Ces chiffres ont été révélés lors d’une campagne gratuite de prise en charge des plaies complexes et de cicatrisation organisée au sein de l’hôpital avec l’appui du Comité de coordination des activités médicales et humanitaires (CCAMH), une structure soutenue par le ministère de la Santé publique, Hygiène et Prévoyance sociale.
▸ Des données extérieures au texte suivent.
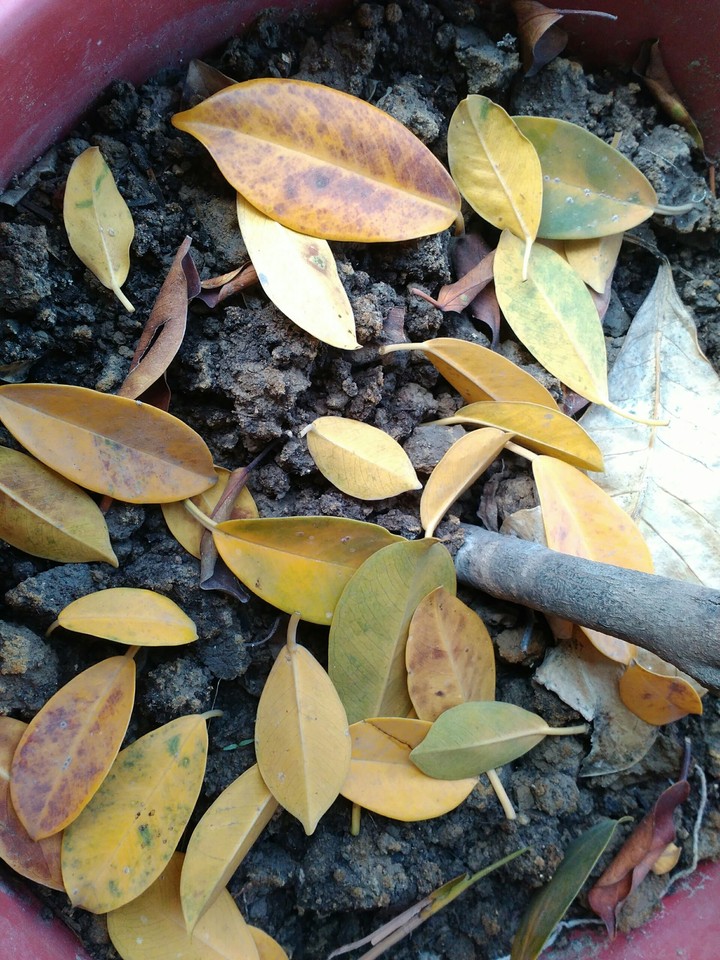 fallen leaves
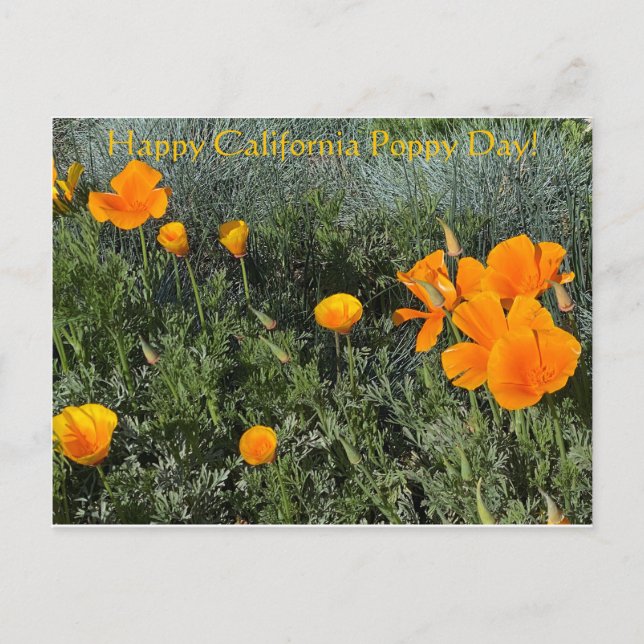 Carte Postale Bonne Fête du Pavot en Californie ! (Devant)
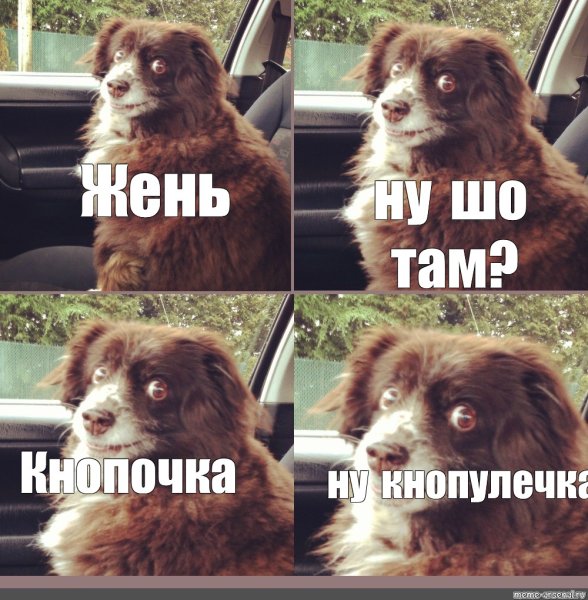 Заводи это собака Мем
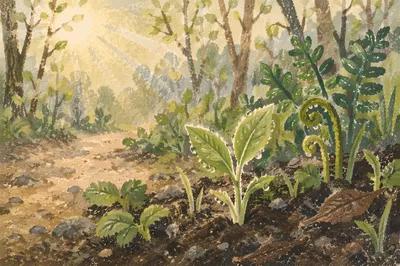 Fresh Spring Shoots in Morning Woodland Light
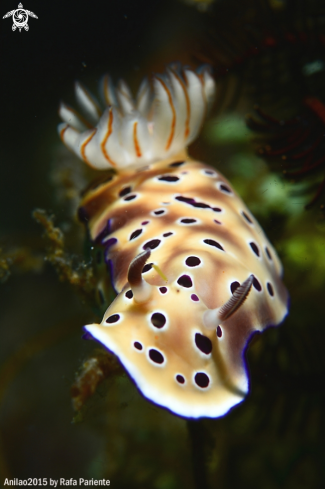 A Chromodoris geminus | Nudi 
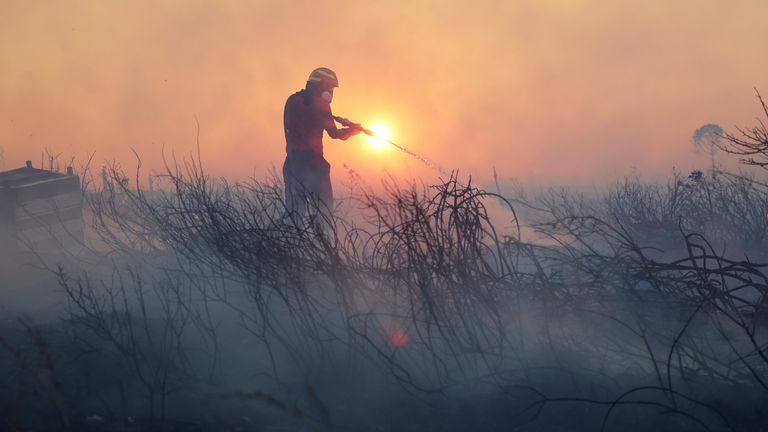 Strażak próbuje ugasić Blazes podczas pożaru, na północno -zachodnim przedmieściu Kryoneri, w Atenach, Grecja, sobota, 26 lipca 2025 r. (AP Photo/Yorgos Karahalis)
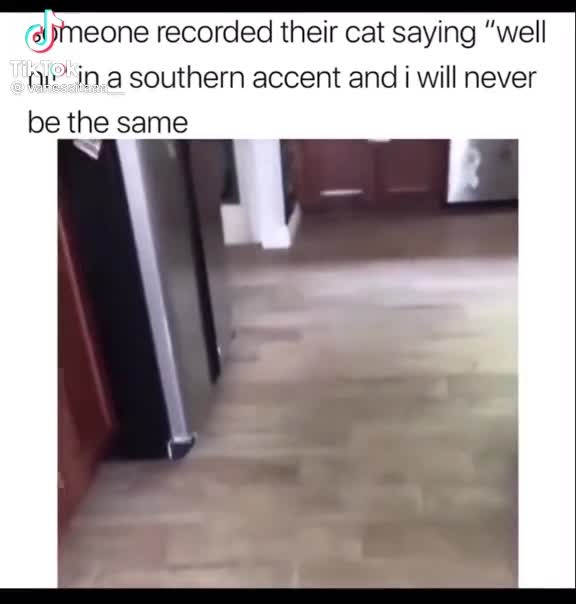 Cat says " Well Hi " in southern accent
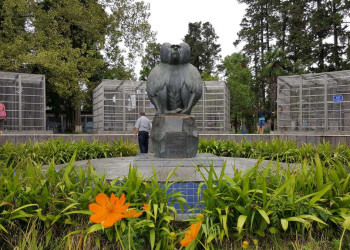 Питомник обезьян. Сухум – фотографии Абхазии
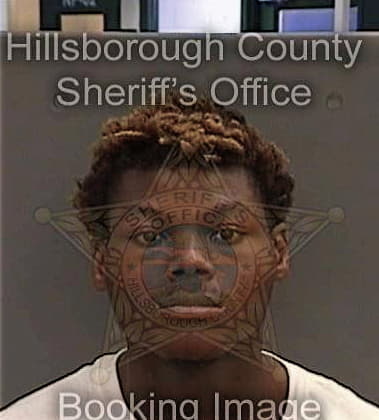 Dwayne Larry, - Hillsborough County, FL 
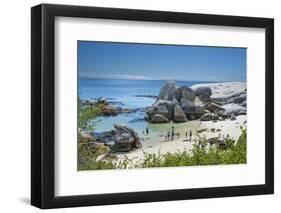 Tourists and Locals Enjoying the Scenic Penguin Beach, Boulders Beach National Park, Simonstown-Kimberly Walker-Framed Photographic Print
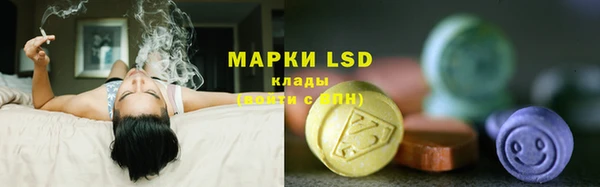 прущие грибы Алексин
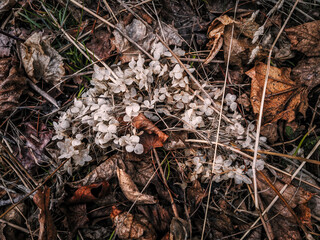 A discarded white Hydrangea flower sits in a pile of dead leaves and grass on a wet fall afternoon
Depuis son inauguration par le Président Félix Tshisekedi en avril 2023, l’hôpital militaire du camp Tshatshi connaît une activité soutenue, portée notamment par la gratuité des soins accordés aux militaires ainsi qu’à leurs familles.
Selon le docteur Ferdinand Mongane, plus de 41.500 actes médicaux ont également été réalisés gratuitement au profit des militaires et de leurs dépendants, traduisant, selon lui, la volonté des autorités congolaises de renforcer la prise en charge sanitaire des forces armées.
Des milliers d’accouchements gratuits
L’établissement sanitaire s’est également engagé dans la mise en œuvre de la Couverture santé universelle (CSU), particulièrement à travers la gratuité des accouchements.
D’après les statistiques communiquées par l’hôpital, 5.846 accouchements gratuits ont été enregistrés entre septembre 2023 et mars 2026 dans le cadre du programme initié par le Chef de l’État.
Créé pour renforcer les interventions médicales humanitaires à travers le pays, le CCAMH coordonne notamment les missions médicales spécialisées, les campagnes de dépistage, le déploiement des équipes sanitaires ainsi que le transfert de compétences entre médecins congolais et experts de la diaspora.
« Il n’est plus nécessaire d’aller se faire soigner à l’étranger »
Au-delà des statistiques, l’hôpital militaire Tshatshi mise également sur l’expertise locale et le retour de spécialistes formés dans de grandes universités étrangères.
Le docteur Francine Ilela, spécialiste en pédiatrie et néonatologie, estime que l’établissement dispose aujourd’hui d’un plateau technique capable de rivaliser avec plusieurs structures hospitalières étrangères.
Selon elle, de nombreux patients continuent de se rendre à l’étranger faute d’informations suffisantes sur les capacités réelles des hôpitaux congolais.
Même constat du côté du docteur Vicky Tshimanga, pneumologue formé en Italie après plusieurs années de carrière en Europe. Le spécialiste affirme avoir quitté son poste dans un hôpital public italien afin de mettre son expertise au service des patients congolais.
Pour ce médecin spécialiste des maladies respiratoires, le défi du système sanitaire congolais peut être relevé grâce à l’implication des professionnels de santé et à la confiance de la population envers les structures médicales locales.
Une structure hospitalière en pleine affirmation
Avec l’organisation régulière de campagnes médicales spécialisées, l’arrivée de médecins issus de la diaspora et l’amélioration progressive des équipements, l’hôpital militaire du camp Tshatshi s’impose progressivement comme l’un des centres hospitaliers stratégiques de Kinshasa.